Introduction: By 2030, the noncommunicable diseases (NCDs) are expected to overtake communicable, maternal, neonatal, and nutritional diseases combined as the leading cause of mortality in sub-Saharan Africa. With the increasing trend in NCDs, the NCD risk factors (NCDRF) need to be understood at local level to guide NCD risk mitigation efforts. Therefore, we provide a detailed analysis of some modifiable NCDRF and their determinants in Malawi using the 2017 Stepwise survey (STEPS). Methods: This is a secondary analysis of the Malawi 2017 STEPS. Data were analyzed using frequencies, proportions, odds ratios, and their associated 95% confidence intervals (95%CI). We fitted multiple logistic regression of the NCDRF on the explanatory variables using the likelihood ratio test. The level of statistical significance was set at P < 0.05. Results: Of the 4187 persons, 9% were current smokers, 1% were taking alcohol, 16% had a high salt intake, 64% had insufficient fruit intake, 21% had low physical activity, 25% had high blood sugar, and 11% had high blood pressure. Smoking odds increased with age but decreased with the level of education. Females had lower odds of engaging in harmful alcohol use than males (adjusted odds ratio [AOR] = 0.04, 95%CI: 0.01–0.17, P < 0.001). Females had lower odds of high salt uptake than the males (AOR = 0.70, 95%CI: 0.58–0.84, P = 0.0001).

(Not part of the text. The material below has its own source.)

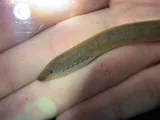 Southern Brook Lamprey, photographed in Alabama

Persons in nonpaid jobs had higher odds of salt uptake than those employed (AOR = 1.70, 95%CI: 1.03–2.79, P = 0.04). Females were 22% more likely to have insufficient fruit uptake compared to males (AOR = 1.22, 95%CI: 1.06–1.41, P = 0.007). Conclusion: The high prevalence of physical inactivity, high salt consumption, insufficient fruit intake, raised blood glucose and high relative blood pressure calls for a sound public health approach. The Malawi Ministry of Health should devise multisectoral approaches that minimize exposure to modifiable NCDRF at population and individual levels.